The Stack Archive News Article

IBM revenues continue to drop but cloud strategy pleases Wall Street

Wed 18 Oct 2017

IBM has released its third quarter results, beating Wall Street predictions on earnings per share (EPS), despite a continued drop in revenue.

The legacy computing giant saw its 22nd straight quarter of decline in revenue, but witnessed progress in cloud computing and what it calls its ‘strategic imperatives.’

The improved results in these areas and a move away from legacy hardware and software has led analysts to give cautiously positive reports.

Big Blue saw EPS hit $3.30 (approx. £2.51) before GAAP, equating to diluted earnings per share of $2.92. Analysts had estimated $3.28, meaning the firm beat predictions by a couple of cents.

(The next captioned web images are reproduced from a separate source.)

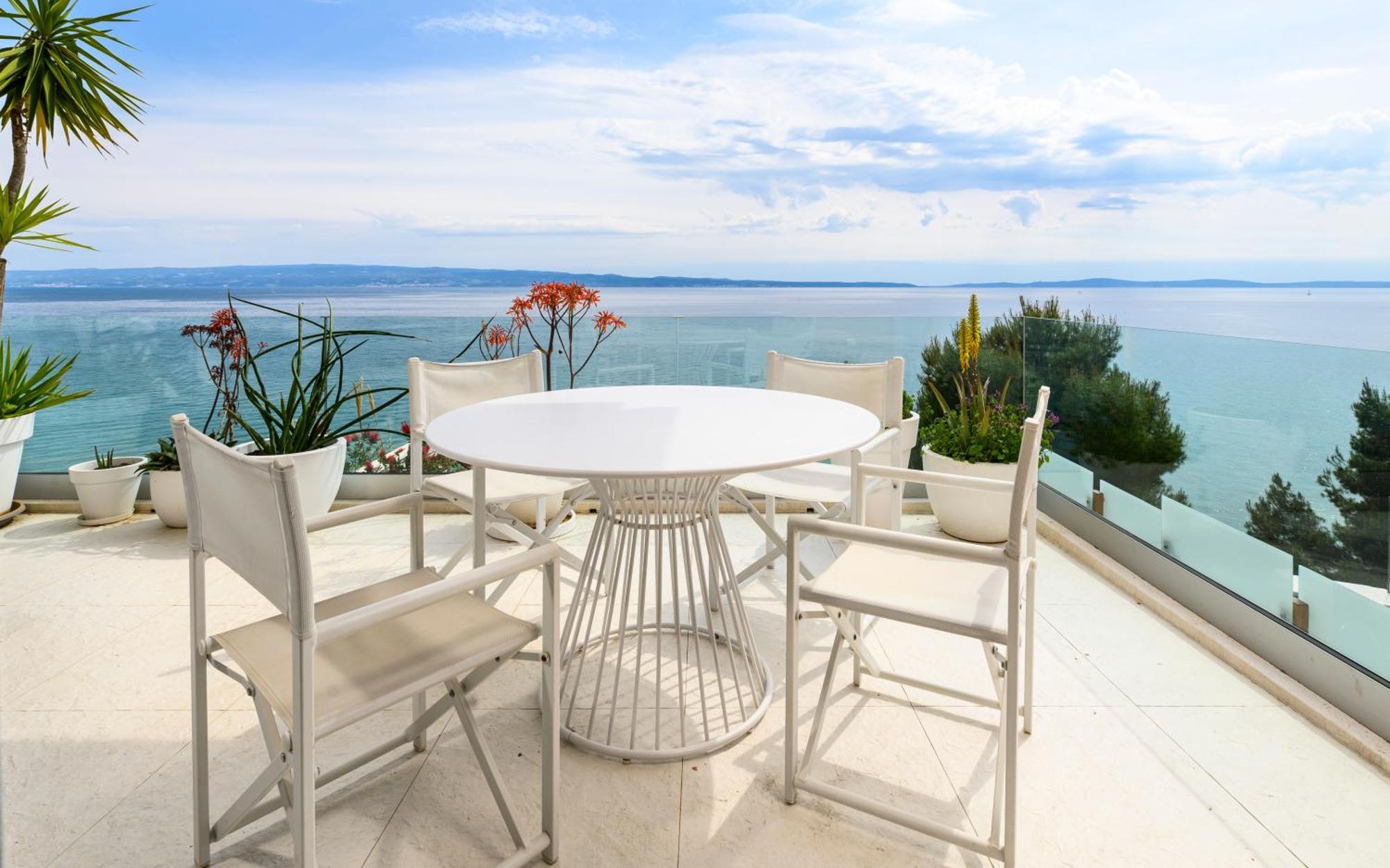Gallery Luxury Suites & Rooms-Only Adults Split Eksteriør bilde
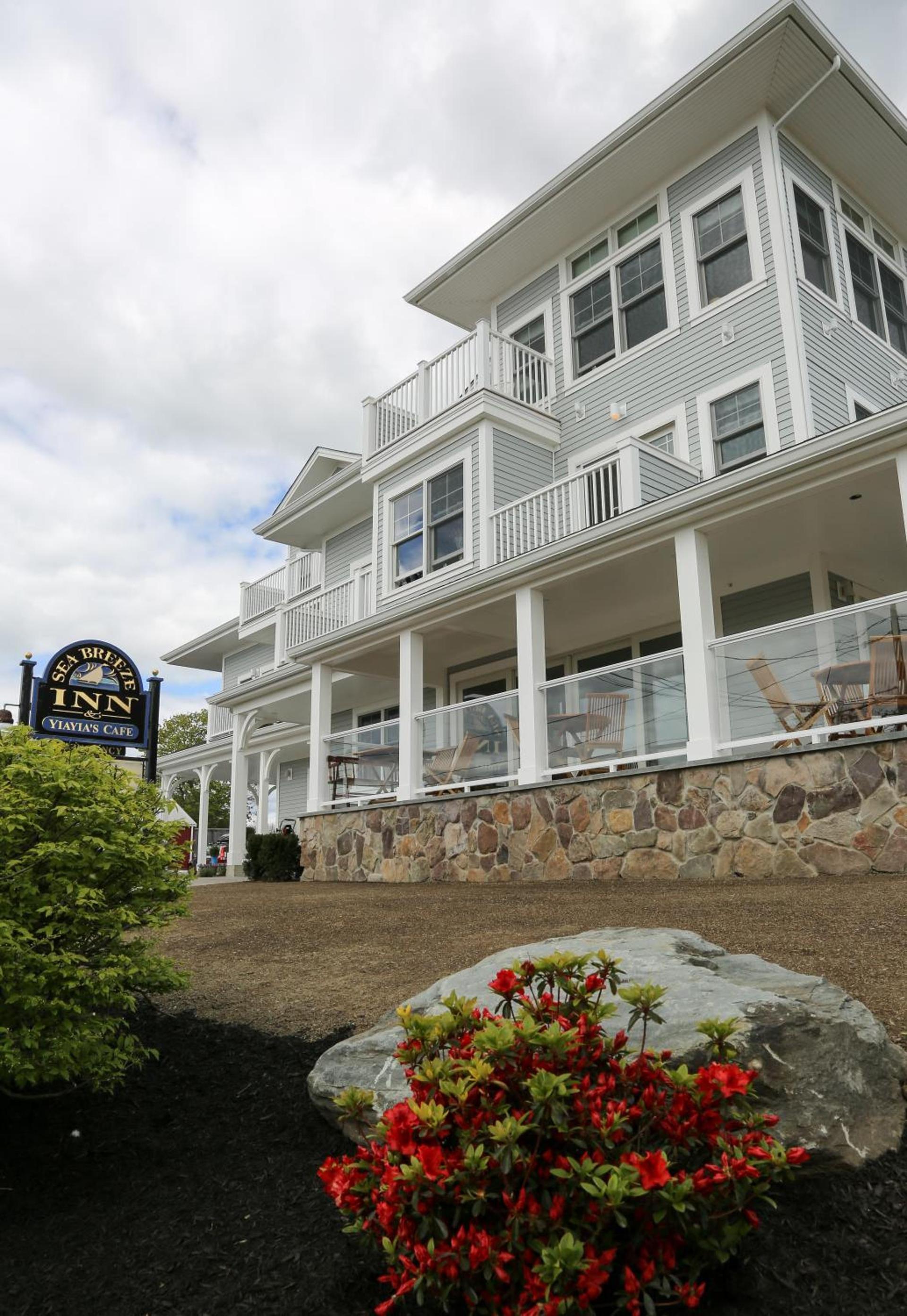 The Sea Breeze Inn photo 1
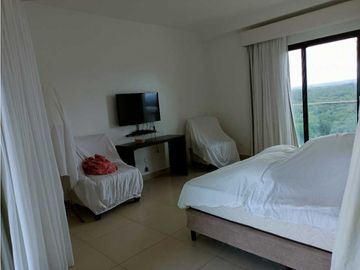 VENTA DE APARTAMENTO DE PLAYA EN SAN CARLOS, PH VISTAMAR GOLF & MARINA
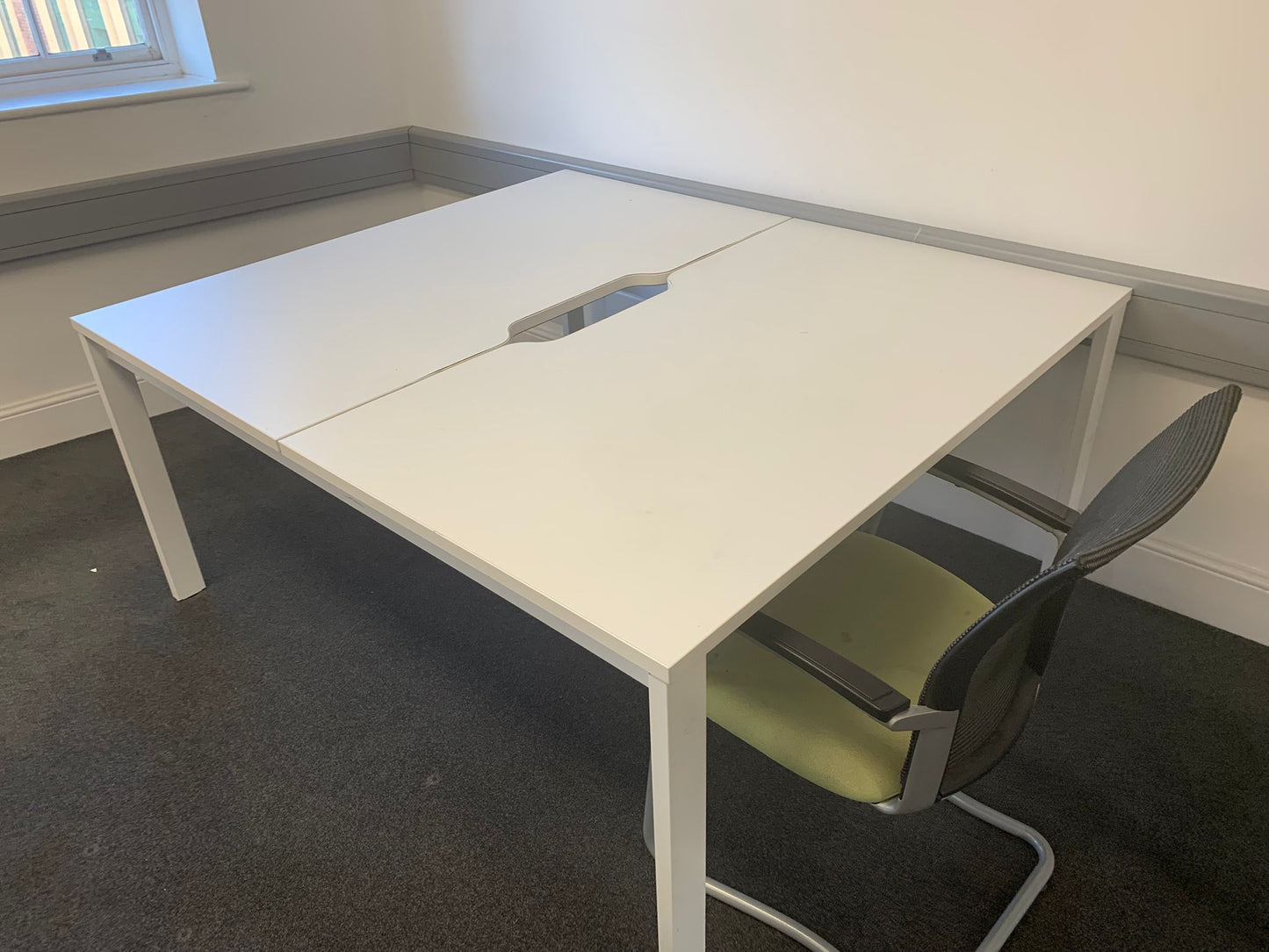 Second hand pod bench desk 2 persons white 140cm x160cm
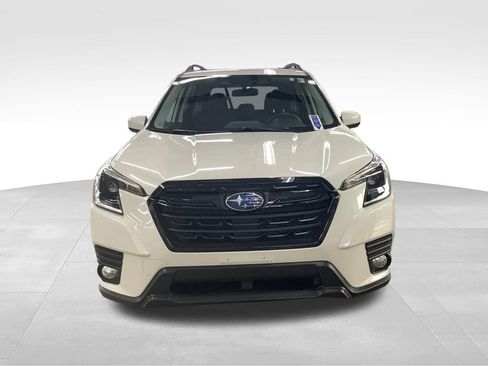 Used 2023 Subaru Forester Premium AWD/4WD image 4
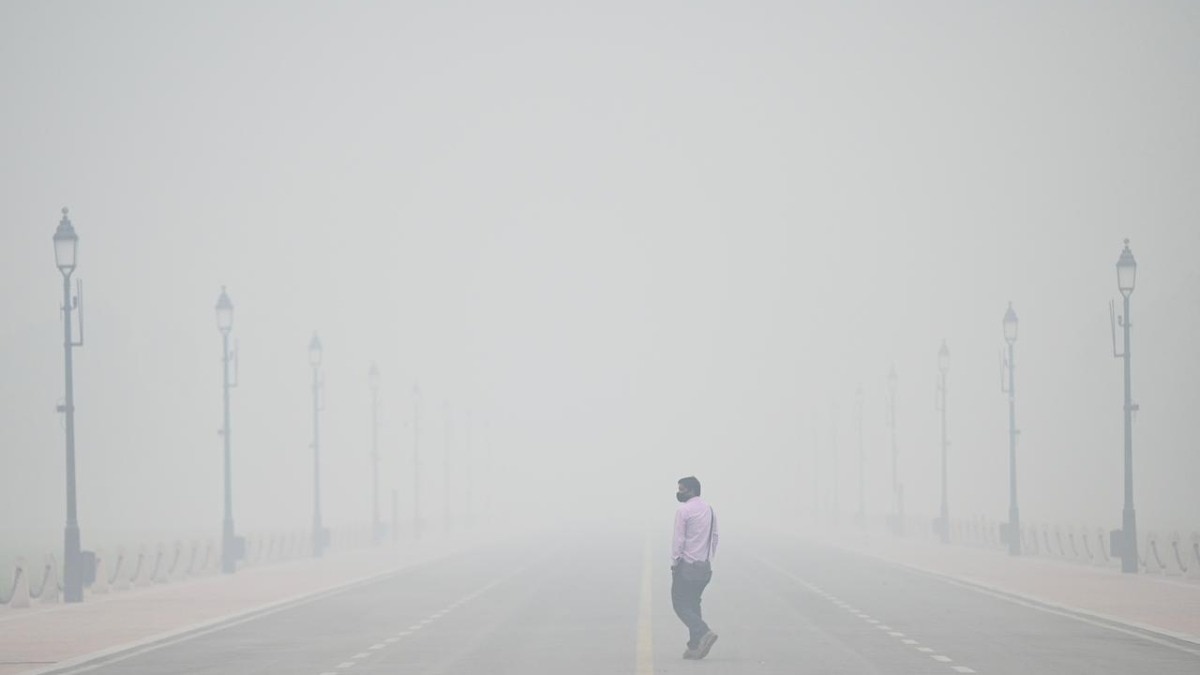 Delhi air pollution: Corporate offices adopt WFH measures/Photo Credit: Arun Kumar, India Today Delhi air pollution: Corporate offices adopt WFH measures/Photo Credit: Arun Kumar, India Today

The positive result represents IBM’s move towards its strategic move towards the modern technology landscape, and away from legacy models. It is focussing on areas such as cloud and security through its z Systems mainframe.

Revenue in the ‘strategic imperatives’ area was $34.9 billion, up 10%, and representing 45% of total IBM revenue. Cloud revenue specifically was $15.8 billion over the trailing 12 months, a rise of 25% year on year. As-a-service earnings came to $8.8 billion, and a further $7 billion came from hardware, software and services to IBM clients.

IBM chairman, CEO, and president, Ginni Rometty, said: “In the third quarter we achieved double-digit growth in our strategic imperatives, extended our enterprise cloud leadership, and expanded our cognitive solutions business.

“There was enthusiastic adoption of IBM’s new z Systems mainframe, which delivers breakthrough security capabilities to our clients.”

The focus on these strategic aspects of the business reflects the fact that overall revenue was still slightly down year on year. However, progress in these specific areas seems to have satisfied traders, with IBM shares up 5% after the close of trading.

IBM SVP and CFO, Martin Schroeter, commented on the company’s financial position: “During the first three quarters of the year, our strong free cash flow has enabled us to maintain our R&D investments and to expand IBM’s cloud and cognitive capabilities through capital investments. In addition, we have returned nearly $8 billion to shareholders through dividends and share repurchases.”

In a note, Deutsche Bank analyst Sherri Scribner wrote: ‘We were pleased to see the quality of IBM’s earnings improve, with IP income and taxes being less of a driver of upside than in prior quarters.’

However, Scribner also stated that: ‘We see the business as secularly challenged due to its high exposure to a legacy business model, and see continued margin pressure over the long-term as IBM’s business is pressured by competition from lower-cost offerings and the cloud.’